T-minus nine days and counting until President-elect Donald J. Trump becomes the 45th President of the United States. This is it. It's go time. As the astonishing victor of one of the most contentious, divisive elections in our lifetime — and the second election where the winner of the popular vote lost the Electoral College — it's no wonder that protests against Trump's win began on Election Night and have continued since then. One of the largest is planned for the day after his inauguration: The Women's March on Washington. With more than 200,000 people anticipated to attend, make your travel plans ASAP if you plan on attending this historic march. First logistic to work out: Where does the Women's March start?
According to the official Women's March on Washington website, the march is scheduled to begin at 10:00 a.m. Eastern Time on Saturday, Jan. 21. Attendees are asked to gather at the intersection of Independence Avenue and Third Street Southwest. Specifically, the Women's March starting location is just around the corner from the National Museum of the American Indian. If you're getting there via the Washington Metropolitan Area Transit Authority (WMATA) subway, your closest metro stop is Federal Center SW, on the Blue, Orange, and Silver lines. Organizers of the march are encouraging attendees to buy their Metro cards online now.
The march route itself has not yet been publicized for security reasons, as stated in a Women's March press release issued Dec. 9:
The planning process will be ongoing until days before the march ... to ensure a safe march with all logistics in place to accommodate the number of people we anticipate convening. For security reasons, we will not release any further details about march logistics until a later date.
Rest assured, safety is a priority for Women's March organizers, who are working with a number of local, federal, and private agencies to ensure the event goes smoothly and safely. These agencies include the National Parks Service, U.S. Capitol Police, the Metropolitan Police Department, and U.S. Department of Homeland Security.
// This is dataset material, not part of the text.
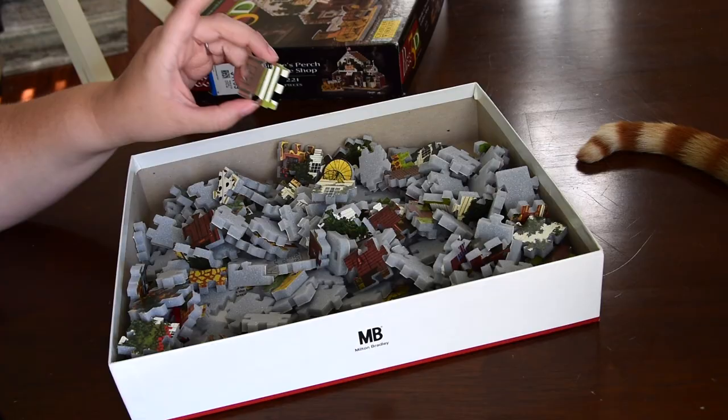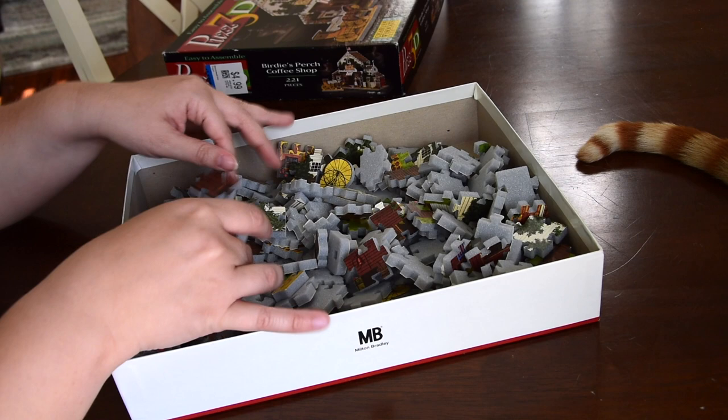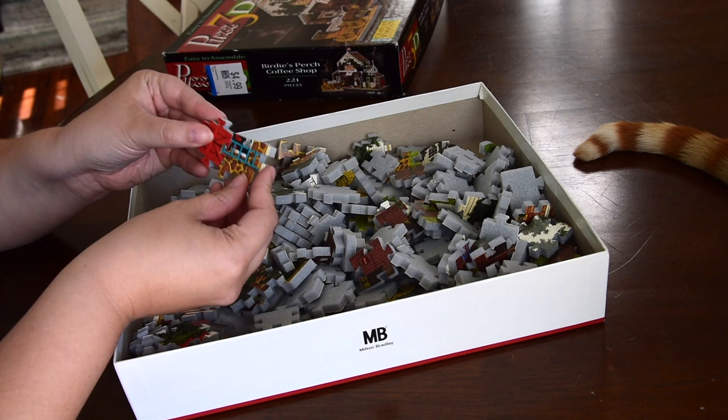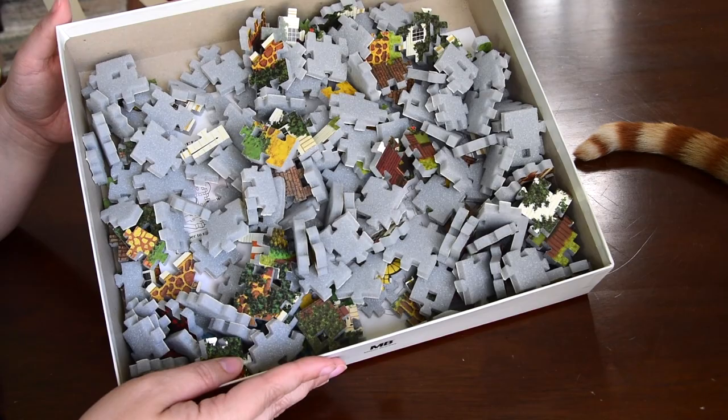With this brand they use foam and then they have the image printed on it. I do notice that a few pieces already have a little bit of the paper coming up from the foam, just because it has been done previously. A lot of these puzzle shapes are pretty much the same, so you can put any two pieces together — that's going to be tricky to make sure certain areas are all in the right place.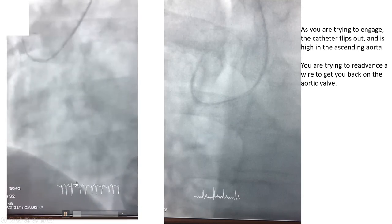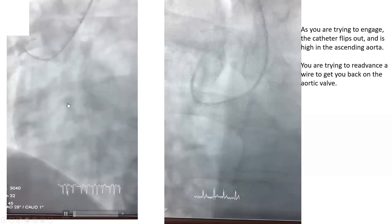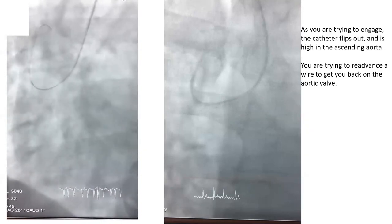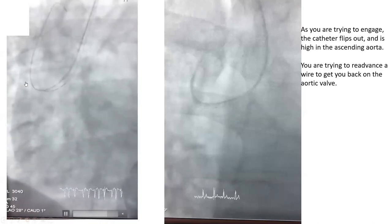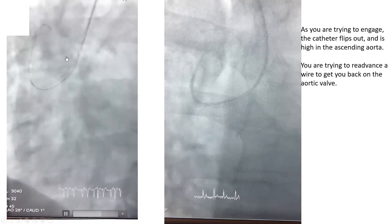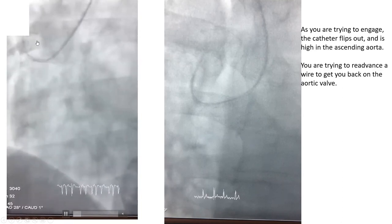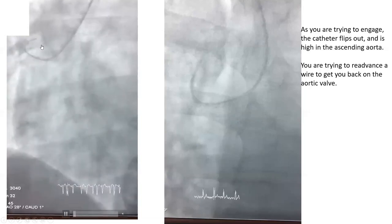So the fellow is trying to advance the wire — this is actually a common mistake. They advance the wire and keep pushing it, expecting it will reach the aortic valve. It's not going to reach the aortic valve. Why? Because that catheter, the way it's shaped now, is pointing the wire all the way up. So you keep pushing it and pushing it, hoping it will fall — it's not going to fall. The catheter is pointing you up.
If you haven't yet figured out your travel plans to get to the Women's March, now's the time to do it. There are hundreds of buses that will be transporting attendees to D.C. If you plan on driving, plan accordingly: D.C. traffic on inauguration weekend is expected to be a doozy with numerous road closures. Public transportation is going to be your best bet, but just remember that it's going to super crowded, as the Women's March isn't the only march or protest happening on Jan. 21.
If you can't make it to Washington D.C., there are hundreds of Women's March Sister Marches happening all over the country on that Saturday, too.